This week is National Infertility Awareness Week, and I would regret not saying something about it. However, it’s difficult for me to always know what to say. Not because I mind talking about it. I don’t at all.
It’s because I have SO. MUCH. TO. SAY. and just don’t know where to start and how to include it all.
But here are a few things I will say for now . . . infertility completely changed me. Those long 8 years and the changes that occurred in me physically, mentally, emotionally, and spiritually are all etched into my memory forever. If you knew me then and know me now, you had to experience some of those difficult changes.
Most of it was a horrible nightmare that I wish I could forget, but there are some very sweet moments that I actively choose to remember because they are what kept me going. And all of those sweet moments involve the unconditional love of my husband who spent those 8 years just as devastated as I was, but also managed to support, love, encourage, provide, comfort, and serve me at every single turn. I thank the Lord for him every day. Yes, many couples are torn apart by infertility, and I’m grateful that was never an option for us.
And here is what I know after those 8 years of dealing with infertility and 15 more years of dealing with the grief that accompanies infertility and the loss of our twins, God might be silent at times and His answer might be “no”, but He is always there. Always.
The life I imagined, the dreams that were obliterated, the loneliness from the masses of people who didn’t understand, and even more who refused to try and understand, it is soul crushing.
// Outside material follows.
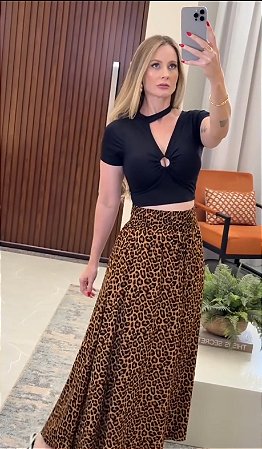 Saia Longa Rodada Estampada Animal Print c/ Fendas e Bolsos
The friends who faded away because they were too busy raising their kids and the friends who were silent because they didn’t know what to say, it was devastating. Those things change you. I mean, REALLY change you. It can’t be helped. Life changes you.
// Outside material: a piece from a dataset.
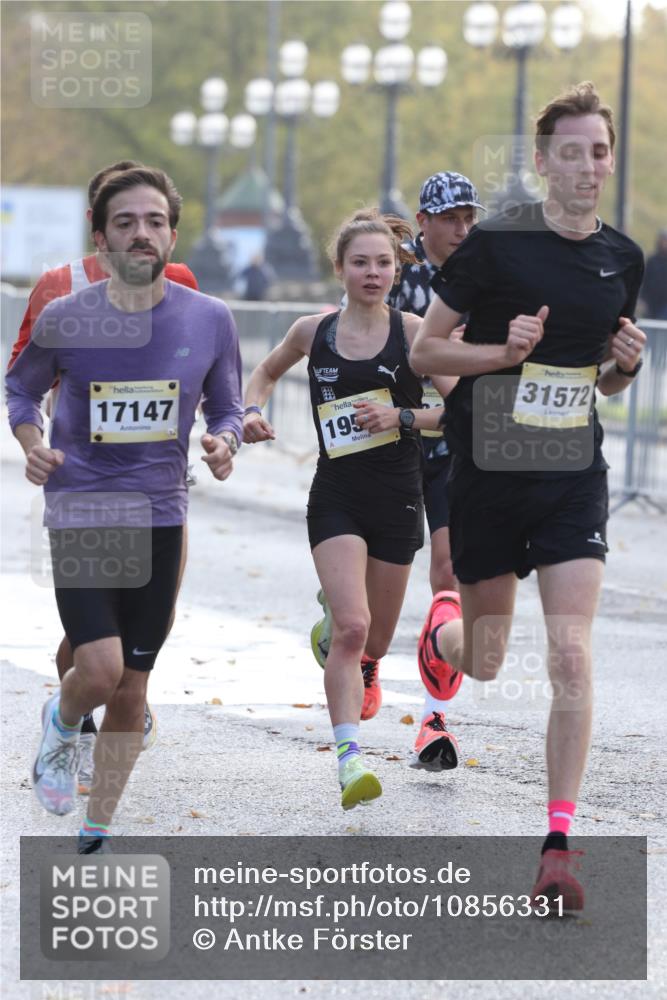 25.10.2026 - hella hamburg halbmarathon Antke Förster http://msf.ph/oto/10856331 25.10.2026 10:14:08 Lombardsbrücke 31572, 13655, 19518, 17147, 44, 34844 meine-sportfotos.de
But my Saviour, my God, was there, every day, saving me. Sitting with me when I was sobbing face down on the floor. Listening to me when I screamed and cursed so loud that my throat hurt for days. Pulling me out of the deepest and darkest pits I ever thought imaginable. Holding my hands when my fists clenched at insensitive comments. Sustaining me when everyone thought we were fine. Giving me His calming words in those “no one is allowed past these hospital doors” moments. Giving me breath when the pain was so severe I could no longer breathe on my own. Loving me when I blamed Him. Carrying me when I could no longer move. Saving me when I thought life was over.
And every single day since then, I remember that. I remember all those moments. I remember that I am changed. I remember that you do not get over grief. I remember that time does not fill up those empty holes. I remember that you carry that pain through life. I remember there may be a long dark path. But I also remember that He is always there. I remember that you don’t have to be swallowed up by the darkness. I remember that He can still give you JOY. I remember that this world is not my home. And I remember that I have an eternal, everlasting hope for that day when darkness will be forever swallowed up by THE Light.